* **Work item**: In your copy, include every line of the records exactly and no picture at all.

* **Available records**:
####################

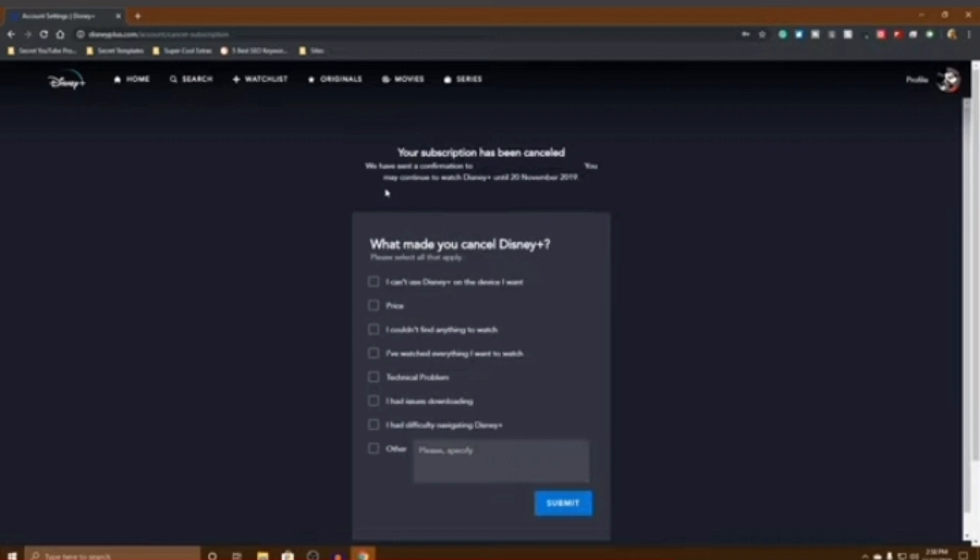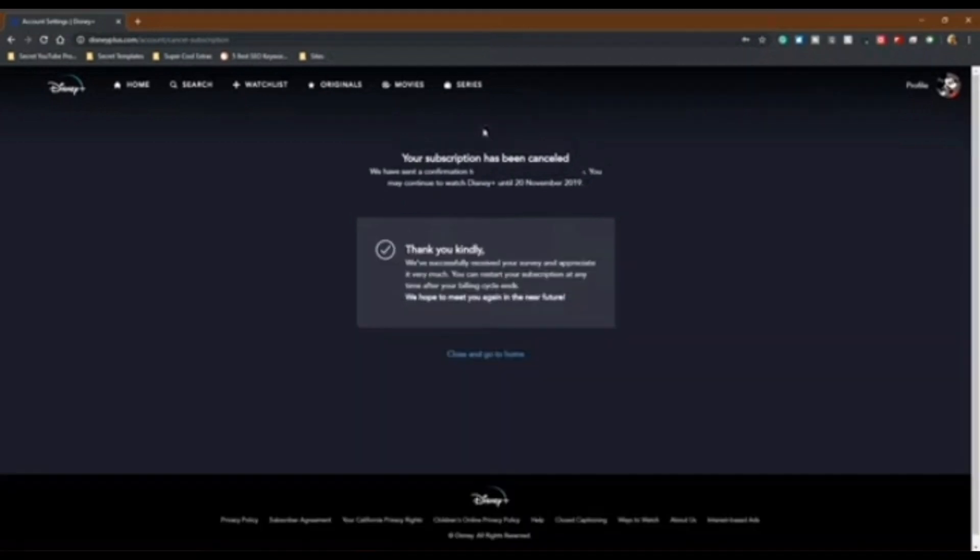After selecting your reason, click on the Submit button to submit it. So this is how you can cancel Disney Plus subscription.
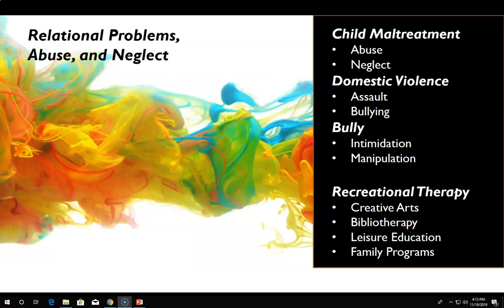Relational problems, abuse, and neglect addresses the issues that impact children and adults who are caught in the cycle of violence. Violence affects people worldwide and does not discriminate, ranging from intimate partner violence to child abuse and workplace violence to general bullying. Abuse is the act of inflicting injury to include any form of physical, emotional, psychological, or sexual abuse, while neglect is the failure to act on behalf of the individual.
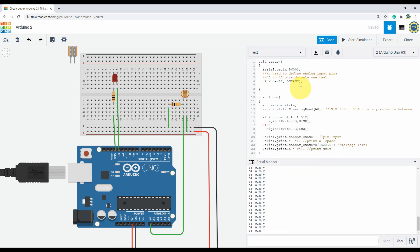The same void setup, but there is no need to define the analog pin, because analog pins only do one task, that is to take analog input. Now the sensor state will have a value from the pin A0.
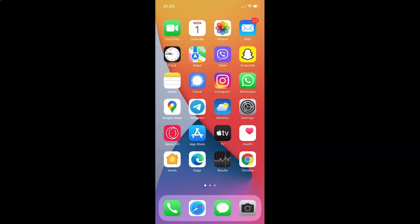Hi guys, in this tutorial I am going to show you how to enable hide screen in app switcher in Signal app on iPhone.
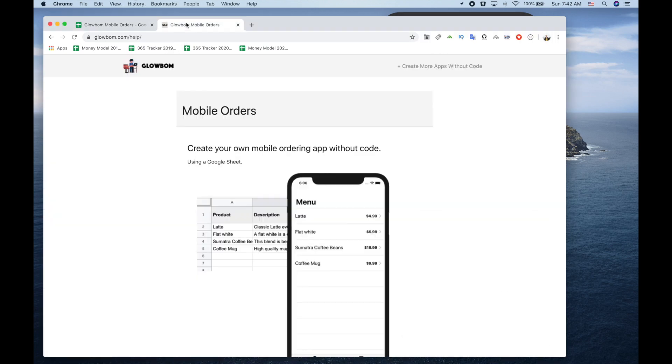That's how you can create a mobile ordering app for your business. Please give it a try and let us know what you guys think. Thank you.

####################

* **Reply**:
After selecting your reason, click on the Submit button to submit it. So this is how you can cancel Disney Plus subscription.
Relational problems, abuse, and neglect addresses the issues that impact children and adults who are caught in the cycle of violence. Violence affects people worldwide and does not discriminate, ranging from intimate partner violence to child abuse and workplace violence to general bullying. Abuse is the act of inflicting injury to include any form of physical, emotional, psychological, or sexual abuse, while neglect is the failure to act on behalf of the individual.
The same void setup, but there is no need to define the analog pin, because analog pins only do one task, that is to take analog input. Now the sensor state will have a value from the pin A0.
Hi guys, in this tutorial I am going to show you how to enable hide screen in app switcher in Signal app on iPhone.
That's how you can create a mobile ordering app for your business. Please give it a try and let us know what you guys think. Thank you.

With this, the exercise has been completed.